Skip to content

orion512/dometl

Repository files navigation

DOMETL (Python ETL Tool)

Dometl is a Python ETL package.

Process

  1. Init - Initializes the database
dometl -t init
  1. Stage - Moves files into staging tables
dometl -t stage
  1. Live - Runs transformations to move data from staging to live tables
dometl -t live
  1. Test - Runs very simple tests on the data
dometl -t test

How to Install & Run the Package?

Run the initialization step

dometl -t init -cp dometl_config
# if you don't install the package
# python -c "from dometl import run_dometl; run_dometl()" -t init -cp dometl_config

Run the staging step

dometl -t stage -ep datasets\\game_data\\daily\\20221105_g.csv -tb ST_GAME -cp dometl_config
# if you don't install the package
# python -c "from dometl import run_dometl; run_dometl()" -t stage -ep datasets\\game_data\\daily\\20221105_g.csv -tb st_game -cp dometl_config
# python -c "from dometl import run_dometl; run_dometl()" -t stage -ep datasets\\game_data\\seasons -tb st_game -cp dometl_config

Run the live step

dometl -t live -tb game -cp dometl_config
# if you don't install the package
# python -c "from dometl import run_dometl; run_dometl()" -t live -tb game -cp dometl_config

Run the test step

dometl -t test -tb game -cp dometl_config
# if you don't install the package
# python -c "from dometl import run_dometl; run_dometl()" -t test -tb game -cp dometl_config

The simple testing is made up of testing queries which are placed into the config.yaml folder like below

tests:
  table_name: ["some_test.sql", "other_test.sql"]

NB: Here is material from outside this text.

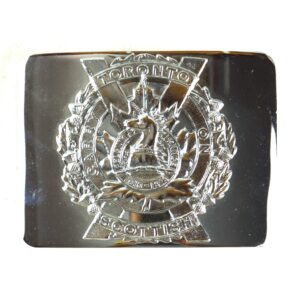 Toronto Scottish Regiment Chrome Waist Belt Buckle
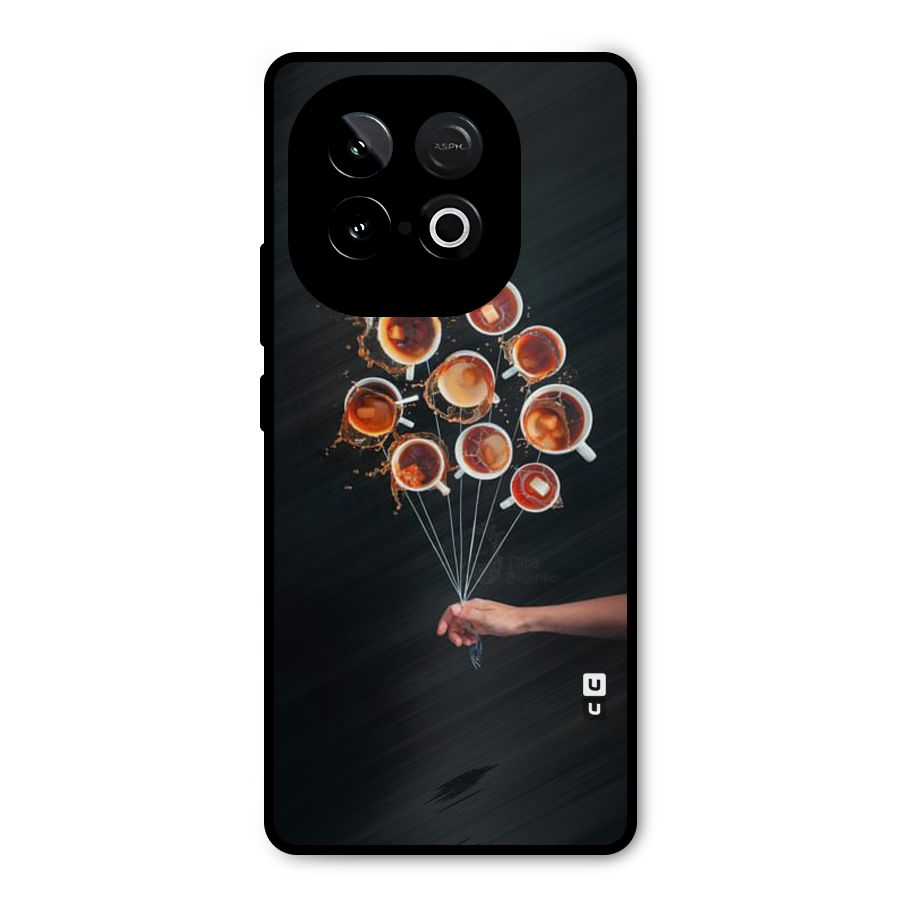 Coffee Balloon Metal Back Case for iQOO Neo 10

Each table can have a set of test queries. The queries need to be written in a way that they return 0 rows when the test passes. If the query returns more than 0 rows the test will fail. As a suggestion the rows that are returned should help find the root cause of the failure.

Configuration Folder

\folder
    config.yaml     # structure defined below
    db_create.sql   # custom file which creates and initializes the db
    file1.sql       # custom SQL file
    file2.sql       # custom SQL file
    file3.sql       # custom SQL file
    file4.sql       # custom SQL file
    file5.sql       # custom SQL file

Structure for config.yaml

credentials_path: "path/to/creds.yaml"

init_order: [
  "db_create.sql",
  "file1.sql",
  "file2.sql",
]

etl:
  table_name_1: "file3.sql"  
  table_name_2: "file4.sql"  
  table_name_3: "file5.sql"  

Structure for the creds.yaml

db_credentials:
  username: ""
  password: ""
  hostname: ""
  port: ""
  db_name: ""

Bonus

Run a script with psql

psql -U postgres -h 127.0.0.1 -d DBNAME -f path\path\file_name.sql

Copy CSV into a table

psql -U postgres -h 127.0.0.1 -d DBNAME -c "COPY table_name FROM '/'some_name.csv' WITH (FORMAT csv)"